Be super enthusiastic
Darryl Sparey, MD and co-founder of comms consultancy Hard Numbers: “Dial up the energy a LOT, so you can convey your enthusiasm for the prospect as effectively as if you were in the room.”
Keep it casual
James Whittall, founder and MD of agency Influx Digital “It is key to keep the calls casual, allowing time to get to know the client, understand the inner workings of their business and what it is they want to achieve. Let the conversation flow naturally and give everyone the chance to introduce themselves.
“The first few minutes are so important, and if you use that time properly you should be able to build a good rapport without needing to be face to face.”
Have a clean background
Louise Ahuja, director at agency Louisebcomms: “My tip for virtual pitching is keep the background as clear as possible so the clients aren't distracted, but don't be afraid of showing some of your personality in the pitch. In one recent case it involved dealing with a hungry small child wanting a biscuit and we went on to win the project."
Dress for the part
Hayley Smith owner of agency Boxed Out PR: “Dress up! We have become accustomed to dressing down, and first impressions still count, so make an effort and show you mean business regardless of where you are.”
Go with the flow
Hayley Smith: “On Zoom, anything can happen. On my last pitch, my upstairs neighbours were drilling relentlessly. The potential client was really understanding, and it created common ground, as he started sharing his Zoom nightmares.”

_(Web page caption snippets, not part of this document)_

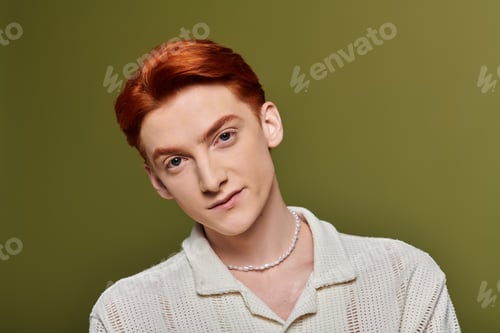 Preview: Emotional young man with striking red hair exuding charm and personality against a green backdrop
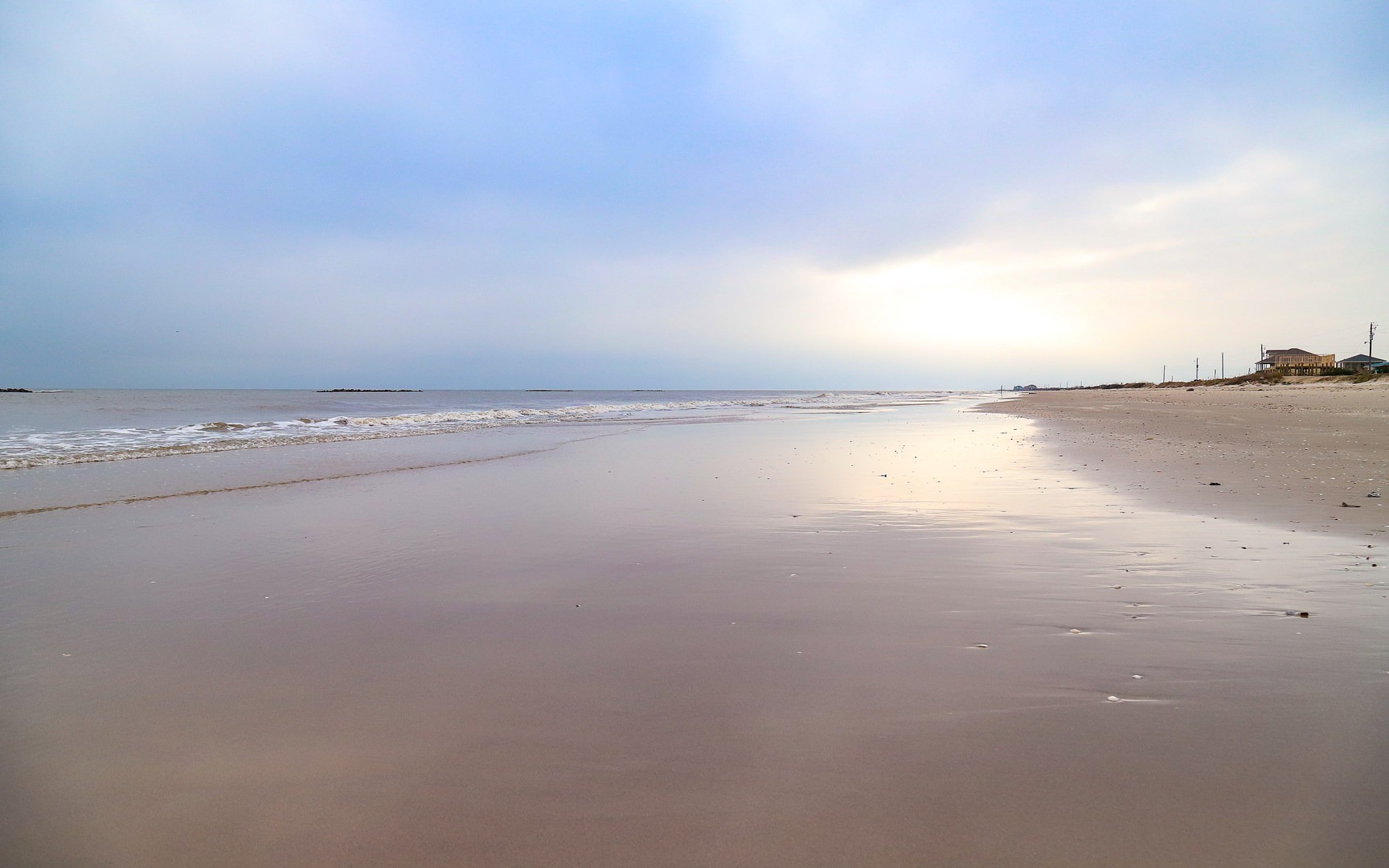 Smooth sandy shores stretch along the Gulf Coast in this area.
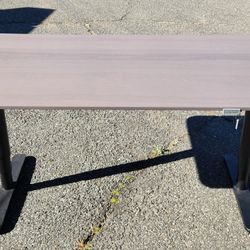 2-drawer locking grey woodgrain lateral file cabinet with adjustable bars and matching motorized hight adjustable grey woodgrain desk.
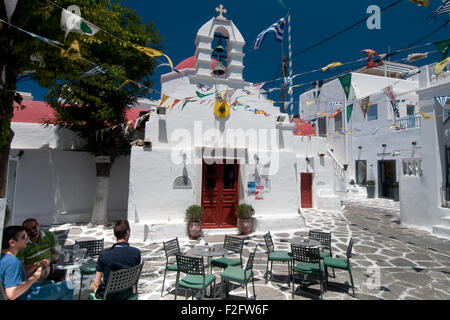 Männer im Café im Freien genießen Sonne vor Agia Kyriaki Kirche, Mykonos-Stadt, Kykladen, Griechenland Stockfoto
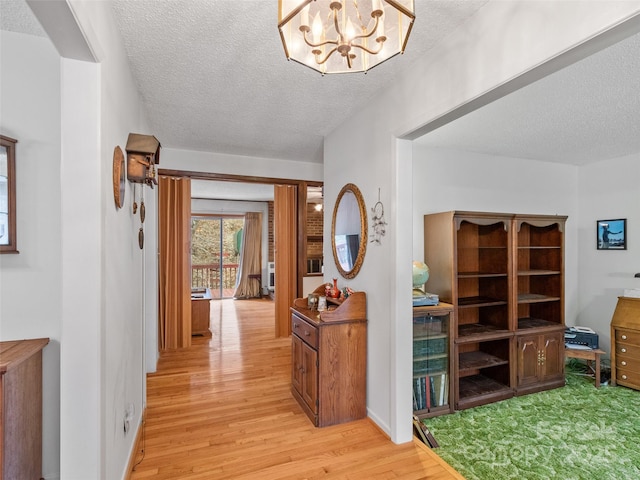 corridor featuring a textured ceiling, light wood-type flooring, and an inviting chandelier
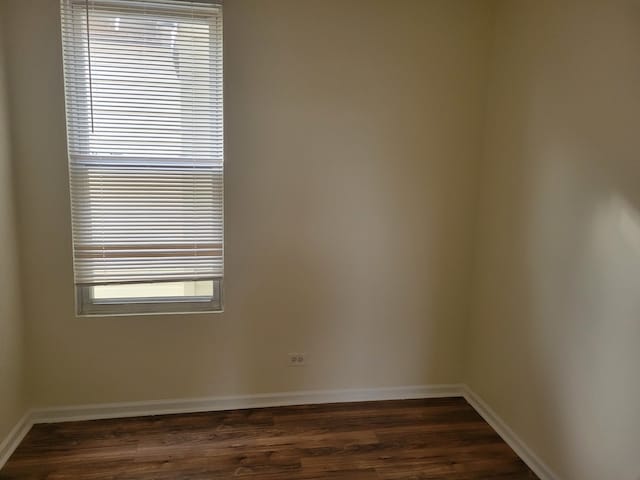 unfurnished room with dark wood-type flooring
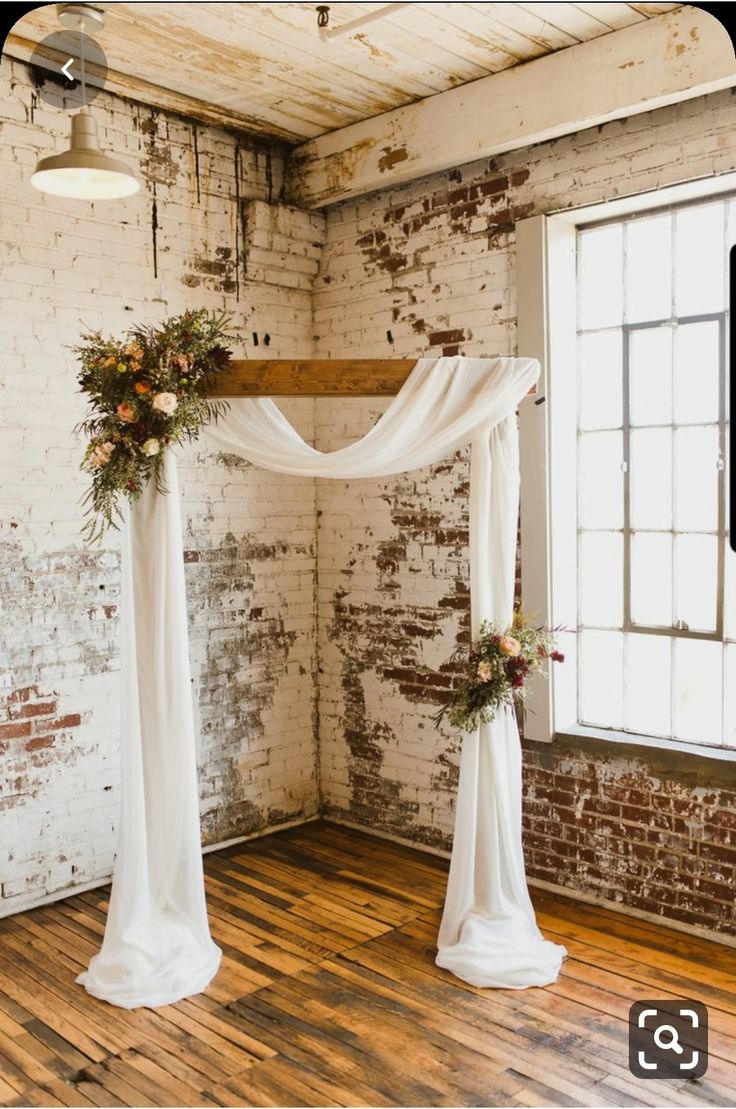 the wedding arch is decorated with greenery and white draping, along with flowers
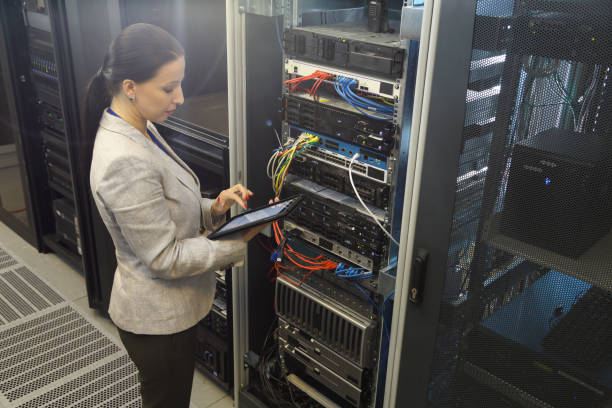 istock Female IT professional in server room 1302693373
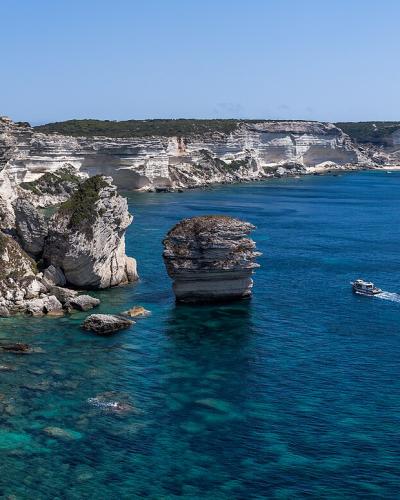 A panoramic view of the white limestone cliffs of Bonifacio, Corsica, featuring a prominent sea stack (the "Perruque") and a winding path along the cliff edge, with boats on the blue Mediterranean Sea.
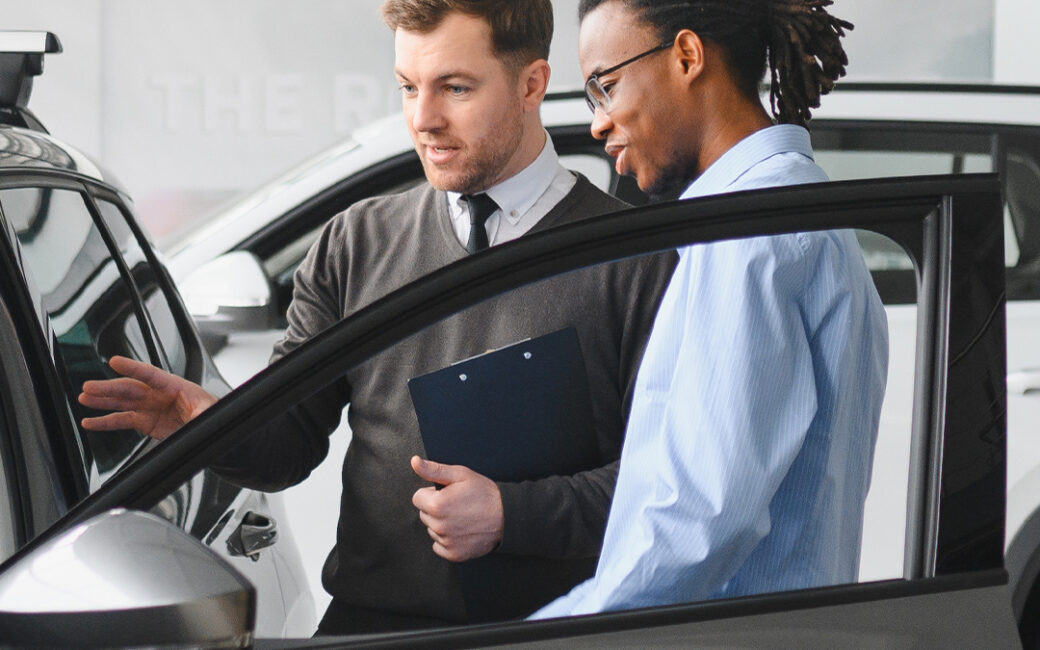 Car salesman shows a man the inside of a vehicle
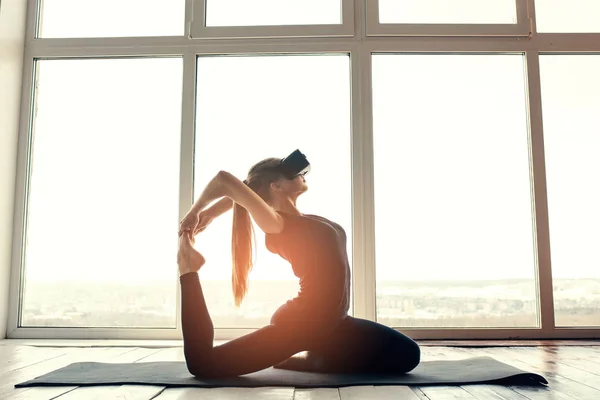 Una joven hermosa chica en gafas de realidad virtual hace yoga y aeróbic de forma remota. Concepto de tecnología futura. Tecnología de imagen moderna. Clases en deportes individuales remotamente . —  Fotos de Stock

Start with a bang and end with one too
Caroline Gruen, associate partner, at agency Milk & Honey PR: “Clients don’t just buy a product. They buy the people. Skipping the conversations whilst coffee is poured at the start of the meeting, gives a lot less time for breaking the ice.
"This makes the opening and close more important than ever. Get clients to sit up and take notice from the start and leave with a memorable conclusion.”
Pros and cons of virtual pitches
Emma Grace, chief creative and strategy director at agency PrettyGreen, lists the good and the bad about not being in the room with your potential clients.
1. An intimacy that you otherwise wouldn’t have (I have had chats about nice pictures on walls and even had a client’s four year old burp live mid pitch)
2. Less nerves. I think people have been presenting better – sometimes an audience can be intimidating for a nervous presenter - so it can be helpful to simply turn their scary faces off 😁
1. Distraction. I can see you are looking at your emails
2. First impressions. Zero ability to impress with great boardroom snacks/massive atrium
3. Comprehension. Are you really listening to what I am saying, or are you just reading the screen? I know I find it hard to do both
4. Discussion. It’s not as natural to pause a Zoom pitch for a chat or a discussion – as it would be in real life, so people simply don’t bother (this could mean that ideas are shut down before they have even had time to breathe or ideas are being misunderstood)
5. Body language. Is this idea even landing? Do I need to detail more? I can’t tell because the box of your face is too teeny tiny
Working life has gone online for many PROs, but this does not mean it is necessarily harder, and that is just as true for winning new business.